9. Em primeiro lugar, a Livraria Cultura esclarece que, como colocado pelo juiz, a rejeição do Aditivo ao Plano não implica a falência da empresa, mas significa a manutenção das condições de pagamento atuais estabelecidas no seu atual plano de recuperação.

10. Além disso, a Livraria Cultura entende que o juiz decidiu de forma equivocada ao não computar o voto manifestado por esses dois credores da Classe IV, dentro do prazo indicado pela administradora judicial para a formulação de ressalvas à assembleia virtual. Existe, ainda, forma alternativa de homologação do plano que não foi considerada no caso.
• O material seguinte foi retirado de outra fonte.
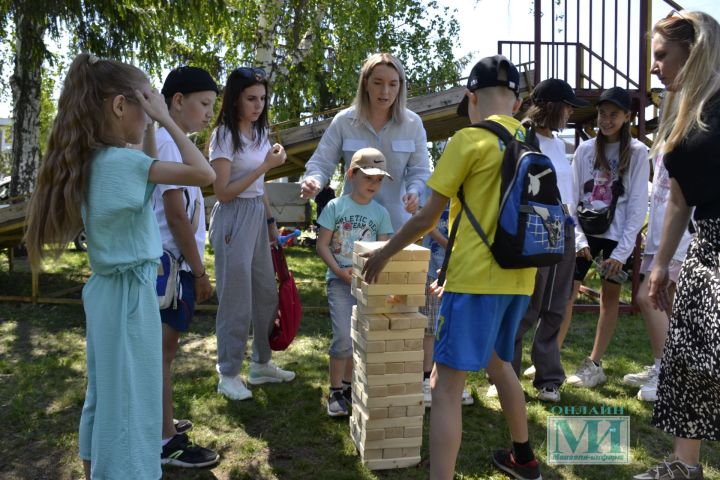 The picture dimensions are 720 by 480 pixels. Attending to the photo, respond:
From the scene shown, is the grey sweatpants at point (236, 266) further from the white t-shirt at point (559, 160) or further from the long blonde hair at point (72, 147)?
the white t-shirt at point (559, 160)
11. Em certa reportagem sobre o tema, insinuou-se a possibilidade de que supostamente teriam sido oferecidas condições diferenciadas aos credores que mudaram o voto. A Livraria Cultura nega veementemente essa alegação. A ressalva de voto foi manifestada por eles a tempo e no modo estipulados pela Administradora Judicial, seguindo o procedimento expresso antes da própria assembleia virtual do caso.
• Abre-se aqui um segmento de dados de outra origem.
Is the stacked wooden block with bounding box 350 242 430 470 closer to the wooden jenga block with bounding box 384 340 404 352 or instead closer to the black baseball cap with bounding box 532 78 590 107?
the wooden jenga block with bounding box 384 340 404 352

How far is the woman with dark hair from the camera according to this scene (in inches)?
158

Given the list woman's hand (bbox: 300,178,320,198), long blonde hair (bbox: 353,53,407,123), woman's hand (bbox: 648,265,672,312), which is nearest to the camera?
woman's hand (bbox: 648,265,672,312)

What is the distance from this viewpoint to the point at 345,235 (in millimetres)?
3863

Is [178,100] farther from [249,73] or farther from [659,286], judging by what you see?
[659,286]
12. Por fim, como consequência da pandemia, o poder judiciário e as partes num processo de insolvência tiveram que se adaptar com agilidade e da melhor forma possível para permitir que os processos em andamento tivessem seu curso normal e pudessem ter suas assembleias de credores realizadas sem maiores entraves. Hoje as assembleias virtuais são uma realidade nos processos de insolvência, mas ainda não há normas regulando esse procedimento. Os administradores judiciais, que conduzem a assembleia com o apoio de empresas e sistemas de tecnologia, têm estabelecido a forma e o procedimento a ser seguido casuisticamente, com a aprovação do juiz da causa, exatamente como ocorreu no caso da Livraria Cultura.
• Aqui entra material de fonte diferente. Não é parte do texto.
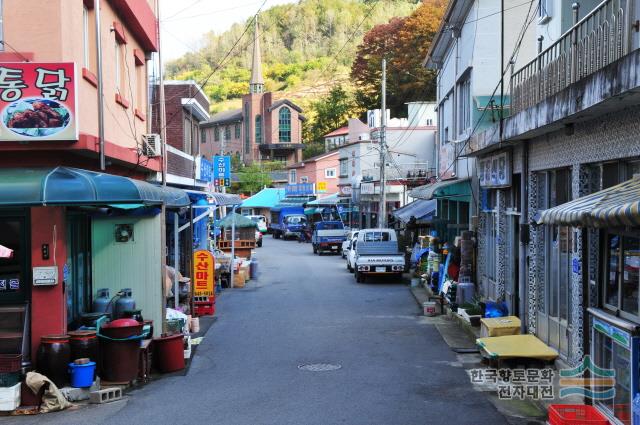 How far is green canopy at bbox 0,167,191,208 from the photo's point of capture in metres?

13. Acreditamos nessa nova realidade, que em nossa opinião veio para ficar.

14. Entretanto, é necessário que todos os envolvidos no processo entendam que existem diferenças sensíveis e significativas entre os procedimentos virtual e físico das assembleias de credores. O procedimento virtual, adaptado para ser o mais assemelhado possível ao físico, necessariamente sofre adaptações em sua dinâmica, no que tange à forma e aos prazos. Punir erros passíveis de correção, dentro do prazo e do procedimento estipulados previamente pelo próprio administrador judicial, representa um rigor excessivo, não previsto em lei, e com consequências gravíssimas para as partes. Significa tolher os direitos de devedores e credores dentro dessa nova dinâmica.

15. Por todos esses motivos, a Livraria Cultura recorrerá ao Tribunal de Justiça e está confiante de que fará valer os seus direitos.